I’ve been living in Engerland for the last number of years, sold a house there earlier this year for a modest profit whilst relocating back here with family (1 young child) in tow.
Discovered the pin in late '06 and became fascinated with the wealth of info being provided as up to now all I was hearing was how wonderful our economy is/was.
We were looking at buying a one off home in commuterville, but knew that 300k would barely get us what we wanted back then, and 400k would be more likely what we were after. Very quickly decided to rent for a year (in a house we aspire to owning) in outlying commuterville and have recently offered to continue the lease for 3 more years (the monthly rent is half the interest on a similar place).
I’ve come to enjoy the Central Bank section strangely as the broader global economy is what worries me more than Irelands property future. In particular Peak Oil is my biggest worry - and not for the commuting reasons.

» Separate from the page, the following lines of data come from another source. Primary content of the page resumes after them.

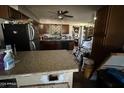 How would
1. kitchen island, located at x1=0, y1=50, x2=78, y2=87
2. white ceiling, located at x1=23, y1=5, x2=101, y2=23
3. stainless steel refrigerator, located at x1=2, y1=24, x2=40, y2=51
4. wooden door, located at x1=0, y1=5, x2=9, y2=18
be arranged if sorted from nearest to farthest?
1. kitchen island, located at x1=0, y1=50, x2=78, y2=87
2. wooden door, located at x1=0, y1=5, x2=9, y2=18
3. stainless steel refrigerator, located at x1=2, y1=24, x2=40, y2=51
4. white ceiling, located at x1=23, y1=5, x2=101, y2=23

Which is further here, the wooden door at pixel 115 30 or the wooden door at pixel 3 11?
the wooden door at pixel 115 30

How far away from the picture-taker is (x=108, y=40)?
2287 millimetres

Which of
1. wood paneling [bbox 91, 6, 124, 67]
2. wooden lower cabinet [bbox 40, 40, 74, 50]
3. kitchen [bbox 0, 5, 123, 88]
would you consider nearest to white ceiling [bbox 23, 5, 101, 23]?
kitchen [bbox 0, 5, 123, 88]

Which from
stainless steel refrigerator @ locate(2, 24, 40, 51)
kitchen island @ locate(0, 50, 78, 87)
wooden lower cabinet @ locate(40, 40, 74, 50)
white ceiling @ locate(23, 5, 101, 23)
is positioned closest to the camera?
kitchen island @ locate(0, 50, 78, 87)

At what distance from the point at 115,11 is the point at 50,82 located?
1.79 meters

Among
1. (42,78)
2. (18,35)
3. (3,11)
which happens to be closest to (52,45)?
(18,35)

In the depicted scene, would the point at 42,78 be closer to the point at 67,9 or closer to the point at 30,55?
the point at 30,55

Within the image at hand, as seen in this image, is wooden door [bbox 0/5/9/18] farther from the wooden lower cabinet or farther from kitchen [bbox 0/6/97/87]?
the wooden lower cabinet

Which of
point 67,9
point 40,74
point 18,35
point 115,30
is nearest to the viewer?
point 40,74

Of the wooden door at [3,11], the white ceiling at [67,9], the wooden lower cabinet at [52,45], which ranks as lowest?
the wooden lower cabinet at [52,45]

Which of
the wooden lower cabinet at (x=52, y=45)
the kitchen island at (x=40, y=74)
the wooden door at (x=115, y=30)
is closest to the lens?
the kitchen island at (x=40, y=74)

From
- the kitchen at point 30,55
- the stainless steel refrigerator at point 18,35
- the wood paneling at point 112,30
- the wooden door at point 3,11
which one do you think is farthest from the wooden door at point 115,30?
the wooden door at point 3,11

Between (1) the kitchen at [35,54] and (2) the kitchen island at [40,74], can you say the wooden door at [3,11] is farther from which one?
(2) the kitchen island at [40,74]

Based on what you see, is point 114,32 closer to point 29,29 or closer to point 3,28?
point 29,29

Having moved a few times in recent years (some time in the US), I am happy to up sticks and move us all to another country which can offer us a lifestyle we could enjoy - should things get significantly worse here. Of course, the nipper is my only worry, but travel broadens the mind - eh?
Working in a specialised area of IT (aren’t they all!), I remain confident that at relatively short notice, I could come up with something else in Europe should my position disappear through contacts and a willingness to travel.
So long live the pin. It’s the breath of fresh air in these ill winds of change.